Our focus was on their Android-based Driver Platform, and we spent time analysing the codebase, architecture, and engineering processes. We learned…
- Nearly all the driver partners were using low-quality, white-label Android devices. The version of Android running on these phones often behaved erratically, which made development difficult.
- Traditional engineering practices prevented engineers from building and releasing software rapidly, imperative for the vast growth in business.
- Lack of streamlined release engineering meant spending significant effort on manual testing and verification of releases.
Process
We spent considerable time exploring various solutions, discussing them with key stakeholders who had far more domain knowledge than we did. Eventually, we reached a fork in the road and had to choose between refactoring the existing code or rebuilding it from scratch.
Refactoring would have required many more consultants working on the project -- a luxury we did not have. Our suggestion was for Ola to rebuild the platform: utilising its own team, and choosing a modern architecture along with radical improvements in their engineering process. To this end, we conducted training workshops with their engineering team to supply a fresh approach. We discussed various industry best practices and how they’d fit the team's unique requirements:
- Modelling the flow of data in the system becomes simple using a unidirectional data-flow architecture, similar to React/Redux on the web.
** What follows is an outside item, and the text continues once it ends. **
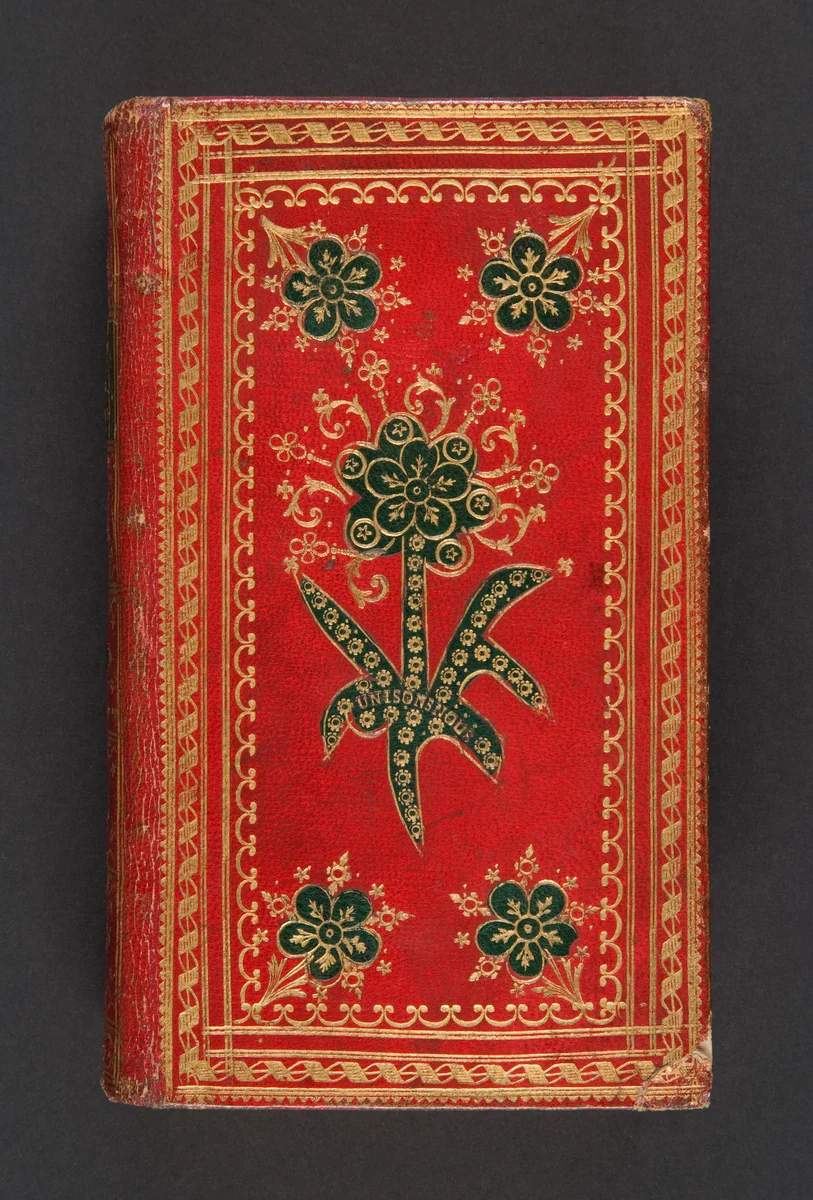 L'office de l'Église en françois contenant les offices pour toute l'année, plusieurs prières tirées de l'écriture-sainte & des saints pères, les hymnes en vers françois, avec une instruction pour les fidèles by Catholic Church, artwork, 1792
This adds predictability to the system, making it easy to understand why and how something changed.
- An extensive test suite guarantees the stability of shipped software and reduces the effort of refactoring in the future. The bulk of the suite is usually composed of unit tests and integration tests, along with a thin layer of UI tests. A continuous integration (CI) server runs tests against every change so that the developers know exactly when something breaks.
- Trunk-based development removes the need for long-running feature branches that never get integrated. This also prevents “merge hell” meetings, saving precious time. Combined with a feature-flagging system, trunk-based development increases the frequency of code deployments -- a key indicator of high-performance teams.
Outcome
We gave Ola a well-documented case for how to proceed: many techniques and practices that are overkill at small scale become key factors for success at large-scale organisations. Ola received an external perspective on how to increase the robustness of their platform, and we gained experience working with teams that maintain large and complex legacy codebases.